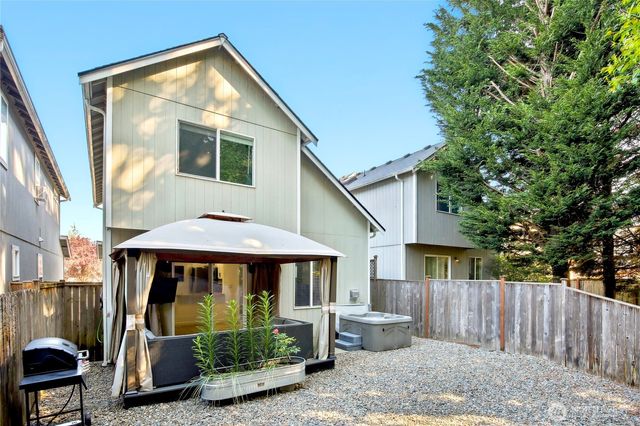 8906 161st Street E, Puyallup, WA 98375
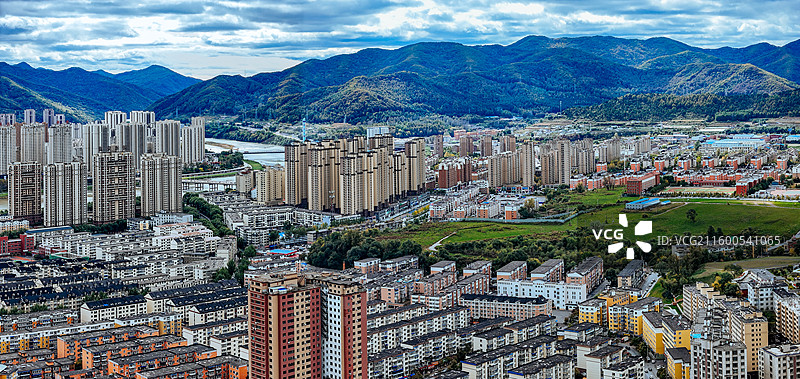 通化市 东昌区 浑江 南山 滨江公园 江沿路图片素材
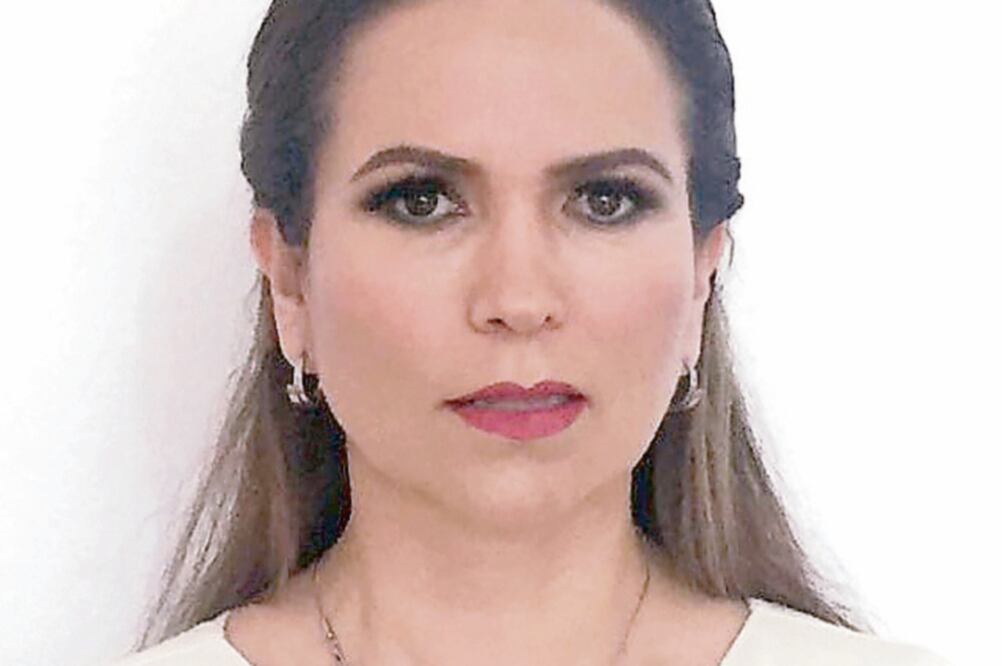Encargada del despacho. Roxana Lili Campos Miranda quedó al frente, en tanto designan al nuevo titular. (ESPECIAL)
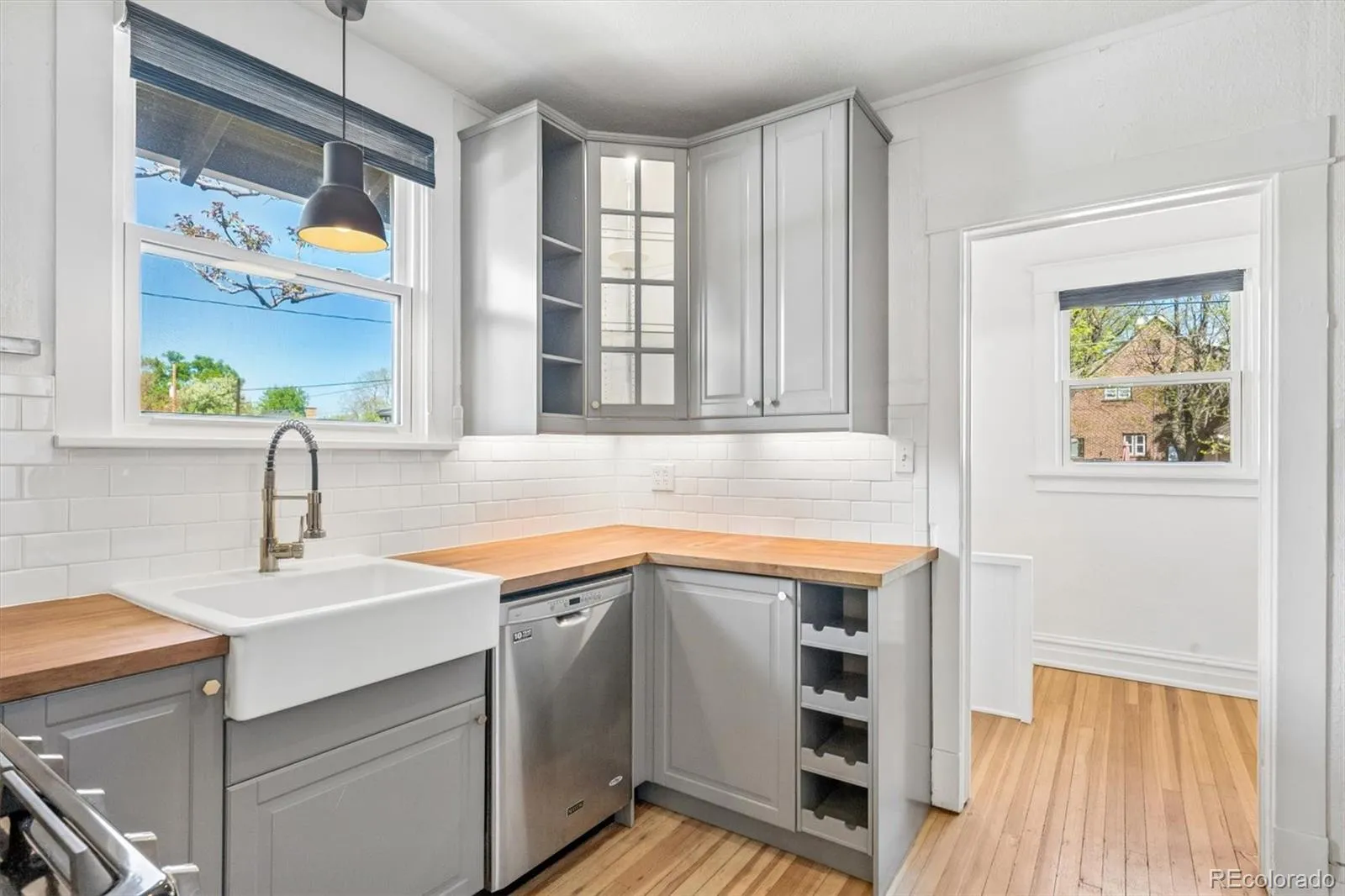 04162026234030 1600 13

.....

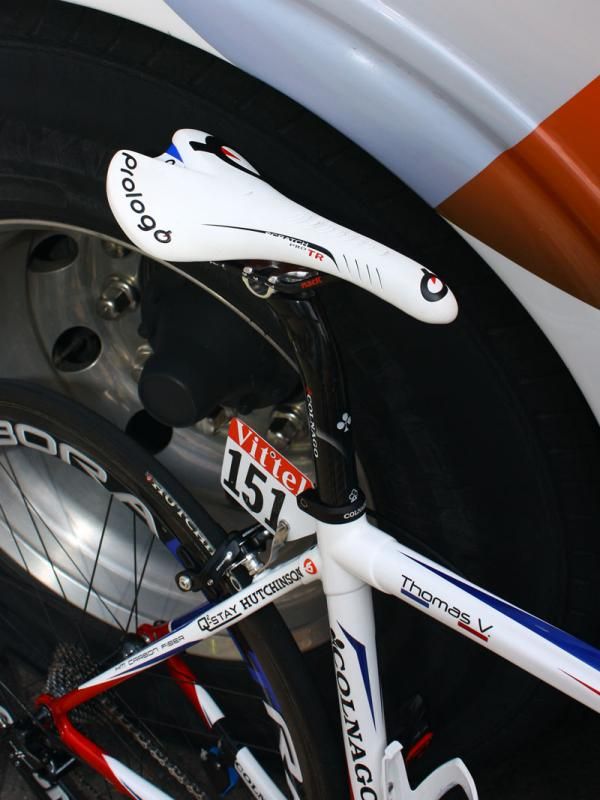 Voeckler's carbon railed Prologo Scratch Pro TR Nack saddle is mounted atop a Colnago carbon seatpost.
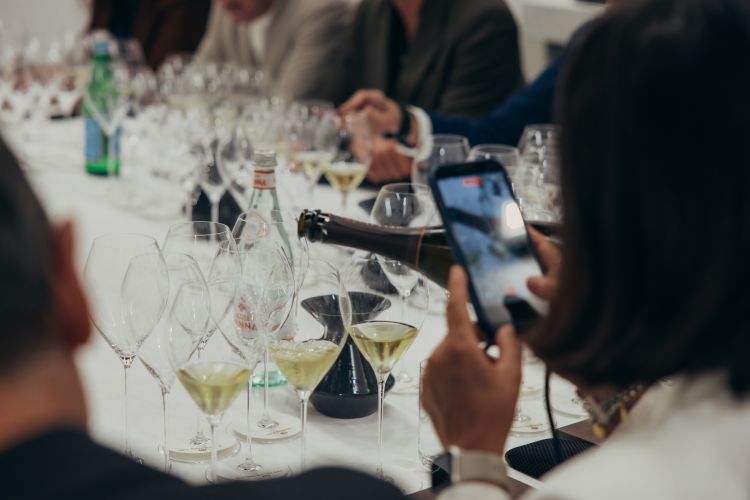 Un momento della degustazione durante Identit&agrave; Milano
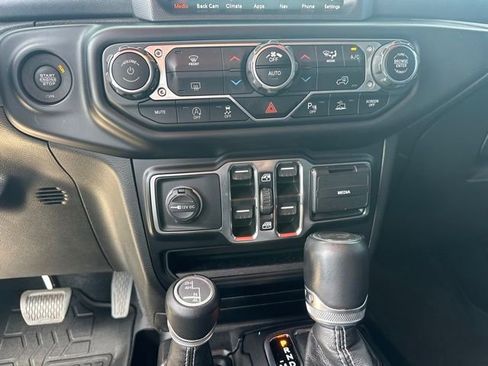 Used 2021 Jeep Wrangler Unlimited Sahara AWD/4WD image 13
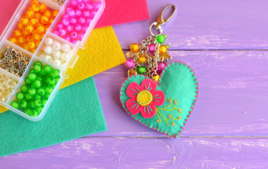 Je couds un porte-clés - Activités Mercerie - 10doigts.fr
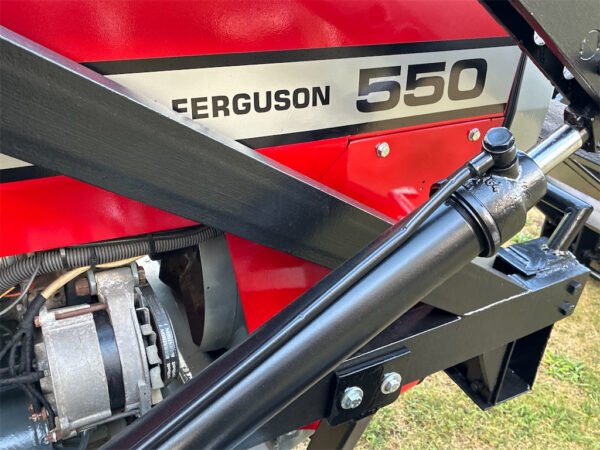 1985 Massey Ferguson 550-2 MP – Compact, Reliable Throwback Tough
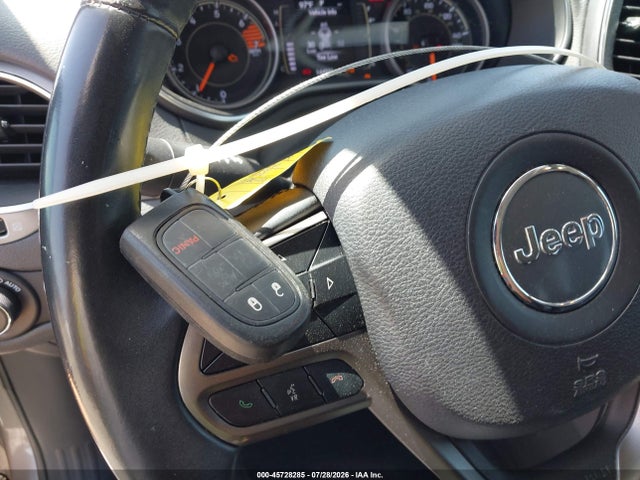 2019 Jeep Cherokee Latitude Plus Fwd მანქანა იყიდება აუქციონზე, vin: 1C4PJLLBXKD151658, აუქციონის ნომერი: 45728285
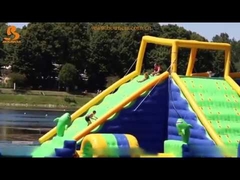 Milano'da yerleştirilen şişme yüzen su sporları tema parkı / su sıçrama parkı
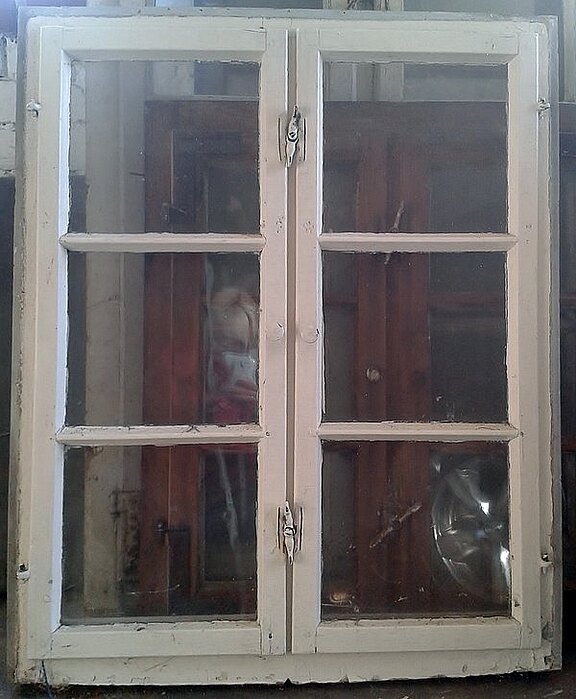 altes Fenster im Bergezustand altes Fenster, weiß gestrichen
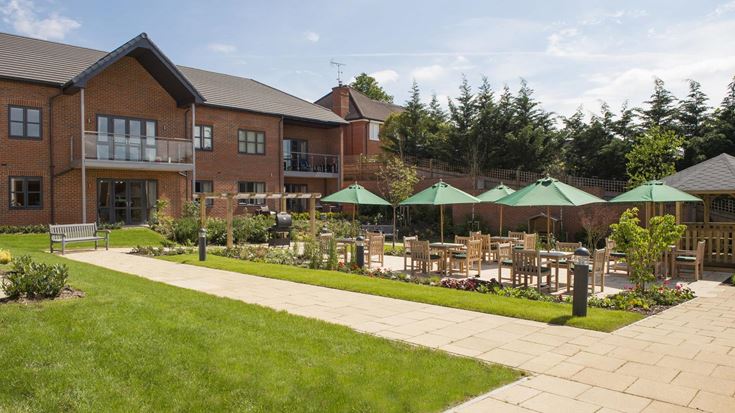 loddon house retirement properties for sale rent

.....

In the records above, copy exactly everything from the line that has "8906 161st Street E, Puyallup, WA 98375" down to the line that has "04162026234030 1600 13", both ends included, and leave out the pictures.

Answer to this exercise –
 8906 161st Street E, Puyallup, WA 98375
 通化市 东昌区 浑江 南山 滨江公园 江沿路图片素材
Encargada del despacho. Roxana Lili Campos Miranda quedó al frente, en tanto designan al nuevo titular. (ESPECIAL)
 04162026234030 1600 13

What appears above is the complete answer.